Earth Month and Awakened Souls: Rachel Carson and our Environment

I didn’t want to let the last day of April slide by without reposting, with revisions, an article I wrote three years ago and a poem I composed years before that — it will be self-explanatory. If this nation and world had made better progress and if they had not repudiated the spirit of Earth Month, then, I would not even need to post this article. This current administration has only set us back by giant steps. The bottom line is not the bottom line.

Here is my three-year old post:

In Rachel Carson’s 1962 book Silent Spring, she brought to light the problems of environmental destruction. She methodically laid out the processes of pollution that were occurring, and her book essentially changed the way most Americans thought about using chemicals in a wholesale manner to deal with inconveniences. Enough attention accrued that the Endangered Species Act of 1973 was passed by Congress, almost unanimously, virtually the direct result of Carson’s work.

Yet, today many people refute the spirit of Carson’s work. Fracking dumps dozens of chemicals into the earth, chemicals that destroy life beyond renewability. Some are harmful and even fatal to us. The administration has auctioned off over 100,000 acres of public land at the end of 2018 for fracking. No lies can cover up the destructive nature of this process. If nature goes, we go.

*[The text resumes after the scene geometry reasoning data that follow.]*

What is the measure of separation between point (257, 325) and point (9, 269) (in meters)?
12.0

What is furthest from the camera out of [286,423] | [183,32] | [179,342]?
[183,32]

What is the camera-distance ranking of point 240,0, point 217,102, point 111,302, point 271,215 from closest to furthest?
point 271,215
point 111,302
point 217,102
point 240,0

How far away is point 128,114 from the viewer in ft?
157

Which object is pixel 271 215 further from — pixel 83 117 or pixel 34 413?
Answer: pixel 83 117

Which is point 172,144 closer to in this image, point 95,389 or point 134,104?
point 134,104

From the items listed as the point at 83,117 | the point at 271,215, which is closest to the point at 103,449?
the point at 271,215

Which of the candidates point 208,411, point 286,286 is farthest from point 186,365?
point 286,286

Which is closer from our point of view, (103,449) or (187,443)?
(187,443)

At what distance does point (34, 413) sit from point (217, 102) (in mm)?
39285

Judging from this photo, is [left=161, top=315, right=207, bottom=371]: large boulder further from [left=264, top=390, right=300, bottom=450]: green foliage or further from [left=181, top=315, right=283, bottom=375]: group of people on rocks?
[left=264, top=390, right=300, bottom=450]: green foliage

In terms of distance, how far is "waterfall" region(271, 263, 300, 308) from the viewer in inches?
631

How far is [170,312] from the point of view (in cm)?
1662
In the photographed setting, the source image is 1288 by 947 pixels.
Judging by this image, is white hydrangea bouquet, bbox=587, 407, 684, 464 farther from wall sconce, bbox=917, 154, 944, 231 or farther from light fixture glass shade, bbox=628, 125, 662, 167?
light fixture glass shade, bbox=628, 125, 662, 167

The imagination and knowledge to use alternative energies exist; the problem is not enough profit and control for oligarchs. If the motivation is the bottom line at the expense of life, that is insanity, stupidity. Oh, I know the arguments, and my counter will always be the same: if Nature is destroyed beyond renewability, then we should not benefit by any products, processes, or methods that destroy her.

Large corporations and their scientists are engaged in the same sort of practices today that Carson’s work exposed as deadly to the environment and humans over 50 years ago. How can this be? Convenience? Profit? They make pseudo-humanitarian claims, but these are shallow lies.

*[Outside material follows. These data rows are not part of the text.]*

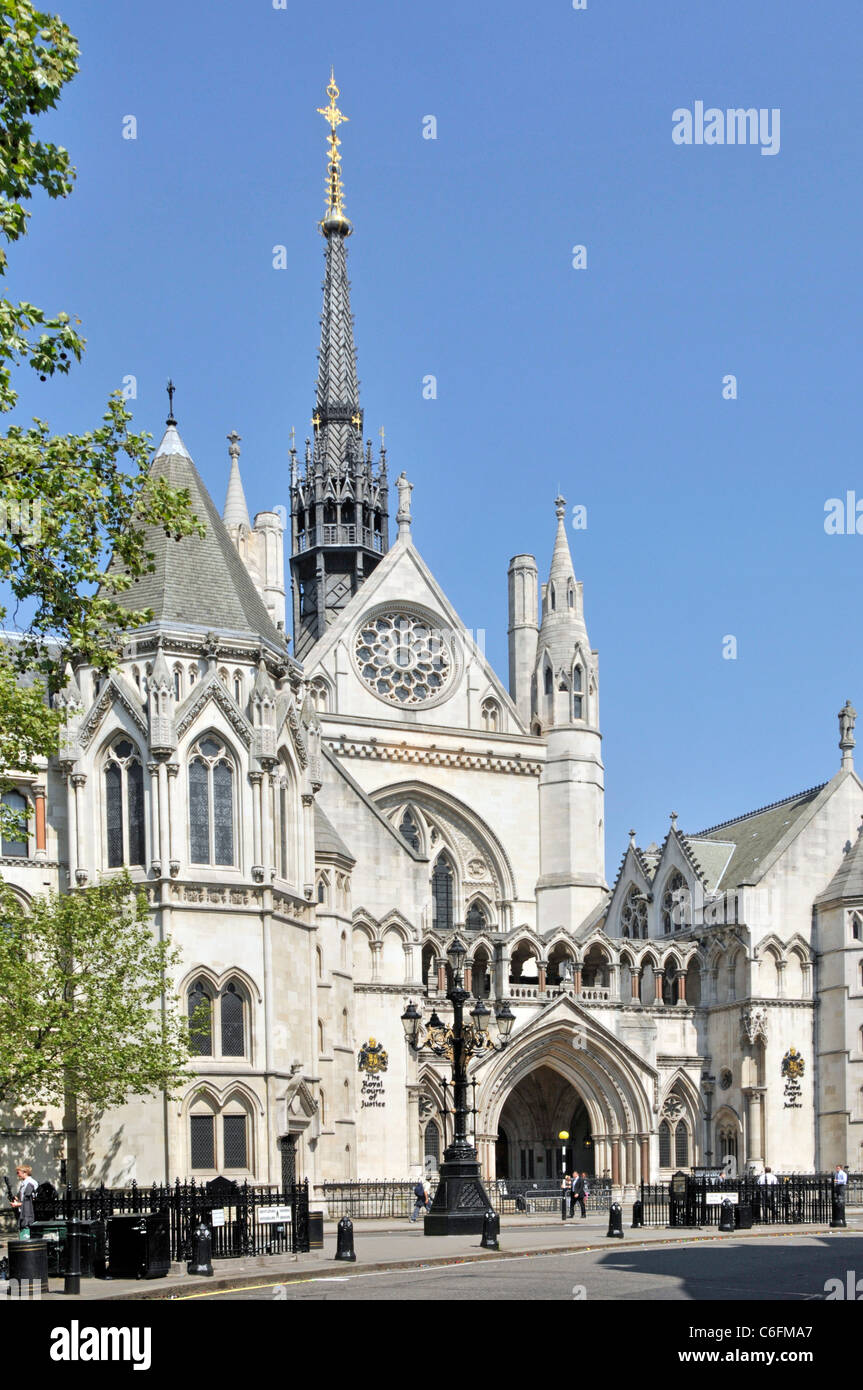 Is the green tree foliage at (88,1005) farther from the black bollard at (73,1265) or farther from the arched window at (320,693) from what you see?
the arched window at (320,693)

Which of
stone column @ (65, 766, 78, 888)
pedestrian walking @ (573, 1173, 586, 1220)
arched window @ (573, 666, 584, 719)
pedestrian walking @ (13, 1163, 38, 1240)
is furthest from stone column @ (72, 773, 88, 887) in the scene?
arched window @ (573, 666, 584, 719)

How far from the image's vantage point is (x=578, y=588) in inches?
2500

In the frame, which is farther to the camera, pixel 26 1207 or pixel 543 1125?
pixel 543 1125

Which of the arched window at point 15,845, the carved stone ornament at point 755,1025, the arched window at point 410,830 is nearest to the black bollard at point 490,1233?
the arched window at point 15,845

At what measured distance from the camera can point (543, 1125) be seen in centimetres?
5931

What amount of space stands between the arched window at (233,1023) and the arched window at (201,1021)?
1.07 ft

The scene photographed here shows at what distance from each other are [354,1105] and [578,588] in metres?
21.6

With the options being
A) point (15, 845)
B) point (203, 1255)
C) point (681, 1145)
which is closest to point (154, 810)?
point (15, 845)

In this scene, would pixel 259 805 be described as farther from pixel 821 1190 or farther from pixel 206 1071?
pixel 821 1190

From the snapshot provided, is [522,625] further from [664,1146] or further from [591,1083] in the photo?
[664,1146]

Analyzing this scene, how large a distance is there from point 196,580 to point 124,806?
5733mm

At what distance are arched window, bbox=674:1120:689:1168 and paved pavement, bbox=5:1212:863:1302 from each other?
18191 millimetres

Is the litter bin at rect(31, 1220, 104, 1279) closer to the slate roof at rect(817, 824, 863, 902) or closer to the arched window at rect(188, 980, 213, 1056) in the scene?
the arched window at rect(188, 980, 213, 1056) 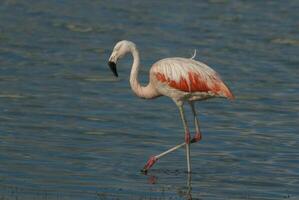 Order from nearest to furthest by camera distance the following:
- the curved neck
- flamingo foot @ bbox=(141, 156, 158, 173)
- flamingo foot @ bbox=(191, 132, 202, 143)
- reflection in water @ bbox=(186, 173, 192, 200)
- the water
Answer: reflection in water @ bbox=(186, 173, 192, 200)
the water
flamingo foot @ bbox=(141, 156, 158, 173)
flamingo foot @ bbox=(191, 132, 202, 143)
the curved neck

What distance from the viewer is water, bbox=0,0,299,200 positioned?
1091 cm

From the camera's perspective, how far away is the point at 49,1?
25375mm

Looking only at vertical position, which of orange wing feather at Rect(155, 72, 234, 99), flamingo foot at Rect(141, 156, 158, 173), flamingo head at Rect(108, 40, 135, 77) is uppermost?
flamingo head at Rect(108, 40, 135, 77)

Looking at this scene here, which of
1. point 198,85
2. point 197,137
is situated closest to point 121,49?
point 198,85

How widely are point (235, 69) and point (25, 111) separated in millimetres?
5332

Carson said in Silent Spring, “How could intelligent beings seek to control a few unwanted species by a method that contaminated the entire environment and brought the threat of disease and death even to their own kind?” The same logic applies to any practices destructive of the environment.

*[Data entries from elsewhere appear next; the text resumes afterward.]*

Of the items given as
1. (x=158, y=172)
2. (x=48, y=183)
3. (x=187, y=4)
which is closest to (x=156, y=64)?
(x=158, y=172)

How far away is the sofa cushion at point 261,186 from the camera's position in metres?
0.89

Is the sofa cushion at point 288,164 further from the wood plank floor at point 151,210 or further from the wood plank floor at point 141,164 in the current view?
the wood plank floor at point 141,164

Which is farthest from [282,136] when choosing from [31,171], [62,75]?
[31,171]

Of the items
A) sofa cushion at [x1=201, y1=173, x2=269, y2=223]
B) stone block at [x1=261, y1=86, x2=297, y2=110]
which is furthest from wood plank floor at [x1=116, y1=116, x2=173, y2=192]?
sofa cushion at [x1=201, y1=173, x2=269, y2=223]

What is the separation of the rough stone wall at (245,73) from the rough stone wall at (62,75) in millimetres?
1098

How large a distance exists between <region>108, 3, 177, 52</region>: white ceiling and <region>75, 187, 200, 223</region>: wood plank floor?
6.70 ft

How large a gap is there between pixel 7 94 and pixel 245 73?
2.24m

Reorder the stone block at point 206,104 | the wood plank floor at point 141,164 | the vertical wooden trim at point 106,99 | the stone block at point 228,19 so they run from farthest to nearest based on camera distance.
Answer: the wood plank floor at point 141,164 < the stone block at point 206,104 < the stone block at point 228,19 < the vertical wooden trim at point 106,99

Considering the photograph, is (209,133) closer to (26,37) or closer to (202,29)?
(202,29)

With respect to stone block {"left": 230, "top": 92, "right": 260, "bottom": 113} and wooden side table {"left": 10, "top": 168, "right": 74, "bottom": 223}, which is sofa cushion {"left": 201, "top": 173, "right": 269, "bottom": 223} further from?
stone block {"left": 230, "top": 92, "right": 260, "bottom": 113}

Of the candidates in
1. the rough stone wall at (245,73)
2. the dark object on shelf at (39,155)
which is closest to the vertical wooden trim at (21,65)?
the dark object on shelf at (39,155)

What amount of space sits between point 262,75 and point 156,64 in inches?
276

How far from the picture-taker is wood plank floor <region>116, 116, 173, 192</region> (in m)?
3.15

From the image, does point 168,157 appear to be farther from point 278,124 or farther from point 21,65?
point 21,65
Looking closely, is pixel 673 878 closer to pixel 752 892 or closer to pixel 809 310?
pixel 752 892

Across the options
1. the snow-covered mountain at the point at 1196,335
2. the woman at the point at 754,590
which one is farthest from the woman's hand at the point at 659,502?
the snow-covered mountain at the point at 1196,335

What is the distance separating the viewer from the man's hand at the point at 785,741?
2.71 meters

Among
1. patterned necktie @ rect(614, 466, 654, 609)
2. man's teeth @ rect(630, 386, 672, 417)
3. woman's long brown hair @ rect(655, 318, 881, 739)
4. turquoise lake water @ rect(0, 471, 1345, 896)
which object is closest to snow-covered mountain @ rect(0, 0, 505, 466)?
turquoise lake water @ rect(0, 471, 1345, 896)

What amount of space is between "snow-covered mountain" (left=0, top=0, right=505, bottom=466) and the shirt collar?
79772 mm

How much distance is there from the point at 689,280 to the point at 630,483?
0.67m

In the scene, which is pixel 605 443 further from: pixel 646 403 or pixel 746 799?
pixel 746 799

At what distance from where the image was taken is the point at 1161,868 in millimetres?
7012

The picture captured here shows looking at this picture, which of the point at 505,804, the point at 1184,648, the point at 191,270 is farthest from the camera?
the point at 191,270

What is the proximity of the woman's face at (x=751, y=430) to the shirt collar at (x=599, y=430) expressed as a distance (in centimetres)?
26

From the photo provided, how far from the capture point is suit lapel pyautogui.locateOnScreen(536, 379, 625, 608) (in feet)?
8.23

Like fracking, which is the very sort of situation that Carson examined: dumping immense quantities of poisons into the environment, especially polluting underground waters, that cause currently unmeasured consequences.

We have options. We need to use them. Capitalism unchecked by Nature and the Heart is worthless, destructive shit. Nature shows us the reality of our actions; our Heart reveals our motives. Harmony is possible.

The Moon at Half-Mast

I offer a long poem today, written immediately after viewing the devastation of the deep well Horizon oil spill.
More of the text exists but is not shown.